“I’m off to cast my vote that doesn’t count, for a man I don’t even like!” I shouted out the door before I left.
I remember the election in 2004, how I waited with anticipation to cast my vote – my first vote ever as an adult. I remember the sense of excitement I felt, that after 8 dreadfully long years with Slick Willy as the Pres and the ability to do nothing about it, the importance of making my voice heard among the masses, and helping to change the downward spiral of the nation. There was an air of importance about what I was doing. People had died for my right to stand in this little booth, push some buttons, and wait along with countless other people to find out the results. As I ran my fingers down the list of candidates and selected – with pride – President Bush, (and others running for other offices) I couldn’t help but feel like a kid at Christmas. I was “rocking the vote”, making a difference.

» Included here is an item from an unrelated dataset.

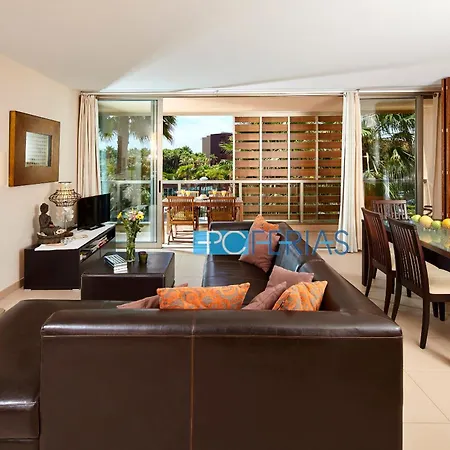 Herdade Dos Salgados By Pcferias Apartamento *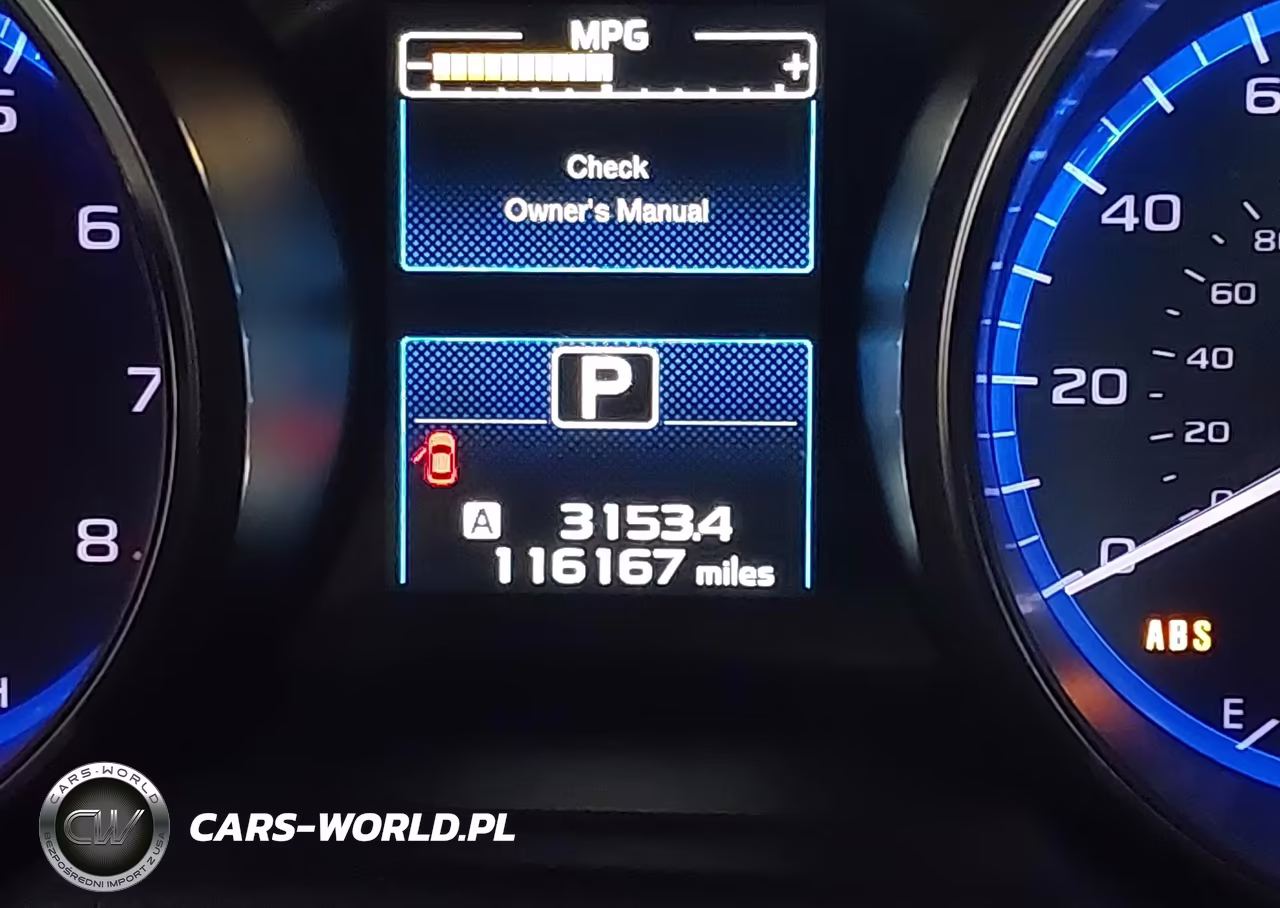 2015 Subaru Legacy 2.5I Limited VIN:4S3BNAL62F3038756 - 15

Over the last 8 years, despite terribly low approval ratings, I still believe that I made the right choice. I believe that President Bush holds to the values for which I stand and represented me well. I don’t believe that he was perfect, and I know without the shadow of a doubt that he made some mistakes. I am also able to realize that his job is monumentally more stressful than mine, and I thank God every day that I don’t have to encounter what he does on a daily basis.
This election, for me, is different. I don’t believe that John McCain holds to the values for which I stand, and I was significantly less enthusiastic about “rocking the vote” this time around. This was the first in what I’m sure will be many times in which I have to vote for the lesser of two evils. It’s the worst feeling. It’s not voting for what you believe but rather what you would hate to see happen. None of the issues that I feel strongly about were even touched at the surface.
I hate what politics, and political correctness has done to the country.
I’m tired of the fact that we’re actually trying to debate when life begins.
I’m tired of the decision we’ve made as a nation, that it’s ok to murder millions of babies every year for the sake of convenience. For “Choice”.
I’m tired of the criticism of the Judeo Christian Ethic by the media, but those same people praise the works of “artists” who make music that condones promiscuity, and TV shows like Gossip Girl, which justifies sex, drugs, and drinking for teenagers.
I’m tired of my income being taxed and the fact that the money that isn’t wasted by the government is given to groups and causes that I don’t approve of.
I’m tired of judges legislating from the bench instead of interpreting the law as they’re supposed to.
I’m tired of bailing out politicians who do no good for their county/state/city/nation, while my husband and I struggle to realize our own American Dream, and buy our first house.
I’m tired of welfare abuse, and paying for it.
But mostly, I’m tired of feeling like the only person who feels this way.
Today, I left the polls with a sense of emptiness. Even 4 years ago, I was well aware that my vote “didn’t count”. I live in Delaware for crying out loud, I don’t expect the electoral college to see it my way in spite of the majority of Dems around here. Somehow though, this time, I was more aware of it than ever. It’s one thing to be the underdog when you believe in something. There’s always that little ray of hope that somehow, the rest of the nation will pull through for you. This time, I’m not so sure that our nation even knows what’s best for itself, and that’s the most dissapointing thing of all.